" cheira a bispo"
No início da década de 60, após ter finalizado a escolaridade obrigatória, a chamada quarta classe, resolvi que aquela pitoresca mas pequena aldeia, instalada no sopé da Serra da Ourada, concelho de Cabeceiras de Basto, já nada mais me podia assegurar, no que concerne à continuação de estudos e oferta de profissões, pese embora os meus pais, mais uma vez, tudo fazerem para que eu seguisse a sua profissão de alfaiates, o que só as minhas persistentes lágrimas de resistente os conseguiram demolir.
E foi assim que saí daquela casa que me viu nascer, mas nunca mais me viu viver, e fui para a casa da minha avó “Miquinhas”, mãe do meu pai, que vivia na “Bila” a cerca cinco quilómetros dali.
E ontem, ao ver e ouvir mais uns episódios sobre a igreja, agora relativos a alguns dos seus Bispos, fui transportado aos cheiros e sabores na casa da minha avó e recordar-me daquele dia em que senti aquele cheirinho a estrugido, tipicamente minhoto e perguntei à minha avó :
Avó, cheira tão bem, o que é? Ao que ela me respondeu que era o arroz que eu tanto gostava e que apelidava de “arroz da avó”, um arroz castanho, aveludado e de um sabor que só ela sabia fazer.

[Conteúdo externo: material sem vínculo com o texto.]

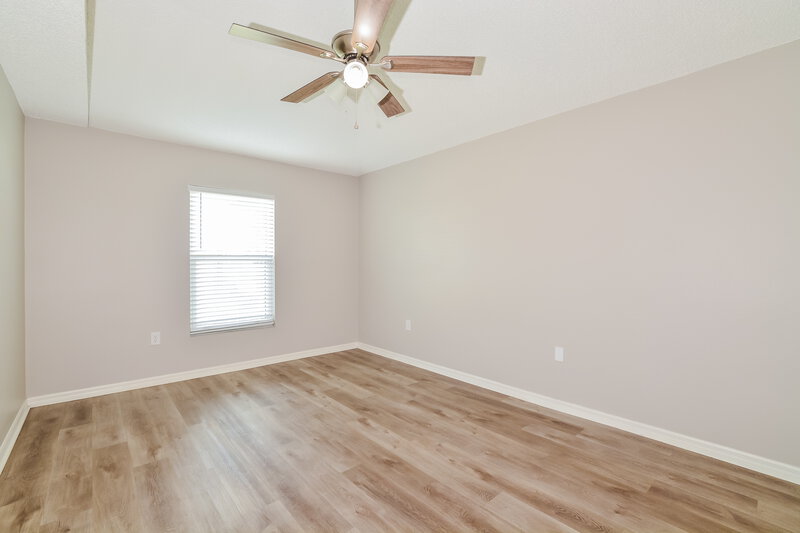 2,075/Mo, 4351 Pembridge Ave Orlando, FL 32826 Bedroom View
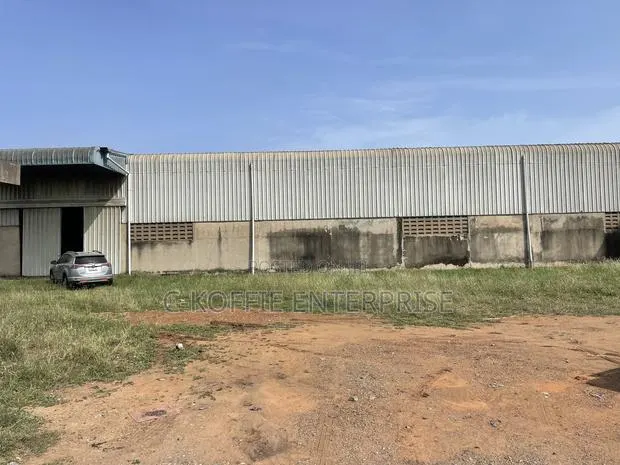 4000sqm Warehouse on 5.5acer Land at Free Zone for Sale · Photo 1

Mas quando fomos para a mesa, a minha avó, com um olhar triste e comprometedor, virou-se para mim e disse:
- Manel, hoje a tua avó descuido-se e o teu arroz ficou a “cheirar a bispo”.
- A cheirar a bispo? O que é isso, avó?
- É quando a comida, neste caso este arroz, fica “esturrado “, meio queimado e agarrado ao fundo.
Pois eu não sei se foi por ver os olhos tristes da minha avó, ou por tanto gostar daquele arroz, que nunca me soube tão bem!
Tudo isto vem a propósito de tanto se falar em Bispos nestes últimos dias, só que os cheiros que daí provêem não são envolventes, não são amigáveis, não são protectores, não são degustáveis e não são justos. É pena!